Este gen codifica una proteína de ensamblaje neuronal que ancla los receptores de neurotransmisores inhibidores al citoesqueleto postsináptico a través de la unión de alta afinidad a un dominio de subunidad del receptor y dímeros de tubulina . En tejidos no neuronales, la proteína codificada también se requiere para la biosíntesis del cofactor de molibdeno . Las mutaciones en este gen pueden estar asociadas con la condición neurológica hiperekplexia y también conducir a la deficiencia del cofactor de molibdeno .
Se han descrito numerosas variantes de transcritos empalmados alternativamente que codifican diferentes isoformas; sin embargo, actualmente no se conoce la naturaleza completa de todas las variantes de la transcripción. [8] La producción de variantes empalmadas alternativamente se ve afectada por regiones no codificantes dentro del gen. Se ha identificado un par de secuencias no codificantes 'yin-yang' que abarca gefirina . [10] Estas secuencias son opuestas entre sí y consisten en cientos de estados de nucleótidos divergentes. Ambos patrones son exclusivamente humanos y evolucionaron rápidamente después de separarse de su patrón de ADN ancestral. la gefirinaLas secuencias yin y yang prevalecen hoy en día en poblaciones que representan a todos los principales ancestros humanos.

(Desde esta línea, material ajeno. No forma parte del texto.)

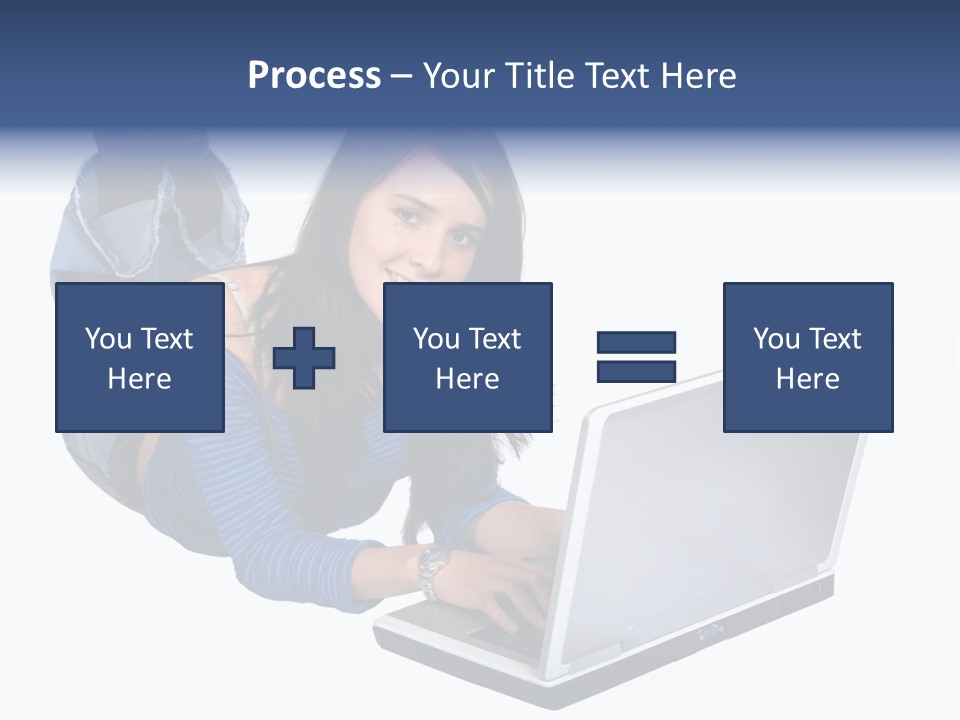 Casual Girl On A Laptop On The Floor PowerPoint Template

La gefirina es una proteína multifuncional de 93 kDa que es un componente de la red de proteínas postsinápticas de las sinapsis inhibidoras . Consta de 3 dominios : dominio N terminal G, dominio C terminal E y un gran dominio enlazador no estructurado que conecta los dos. Aunque hay estructuras disponibles para los dominios G trimérico y E dimérico, no hay estructura disponible para la proteína de longitud completa, lo que puede deberse a la gran región no estructurada que hace que la proteína sea difícil de cristalizar. Pero un estudio reciente de la gefirina de longitud completa por dispersión de rayos X de ángulo pequeño muestra que forma predominantemente trímeros y que, debido a su larga región enlazadora, puede existir en un estado compacto o en cualquiera de los dos estados extendidos.[11]
La mayoría de las veces, la tinción positiva de anticuerpos para gefirina en una sinapsis es consistente con la presencia de receptores de glicina y/o GABA A. Sin embargo, pueden ocurrir algunas excepciones, como en las neuronas de los ganglios de la raíz dorsal , donde la gefirina está ausente a pesar de la presencia de los receptores GABA A. [9] La gefirina se considera una importante proteína de andamiaje en las sinapsis inhibitorias, con una función análoga a la de PSD-95 en las sinapsis glutamatérgicas . [12] [13] La gefirina se identificó por su interacción con elreceptor de glicina , la principal proteína receptora de las sinapsis inhibitorias en la médula espinal y el tronco encefálico. Además de su interacción con el receptor de glicina, publicaciones recientes han demostrado que la gefirina también interactúa con el bucle intracelular entre las hélices transmembrana TM3 y TM4 de las subunidades alfa y beta del receptor GABA A. [14]
La gefirina desplaza los receptores GABA del complejo GABARAP / P130 y luego lleva los receptores a la sinapsis. [15] Una vez en la sinapsis, la proteína se une a la colibistina [16] y la neuroligina 2 . [17] En las células, la gefirina parece formar oligómeros de al menos tres subunidades. Se han descrito varias variantes de corte y empalme que evitan esta oligomerización sin influir en la afinidad por los receptores. Sin embargo, afectan la composición de las sinapsis inhibitorias e incluso pueden desempeñar un papel en enfermedades como la epilepsia. [18]
Como se mencionó anteriormente, la gefirina también cataliza los dos pasos terminales de la biosíntesis de Moco. En el penúltimo paso, el dominio G N-terminal adenila la forma apo de la molibdopterina para formar la molibdopterina adenilada intermedia. En el paso terminal, el dominio E C-terminal cataliza la deadenilación y también el mecanismo de inserción del metal.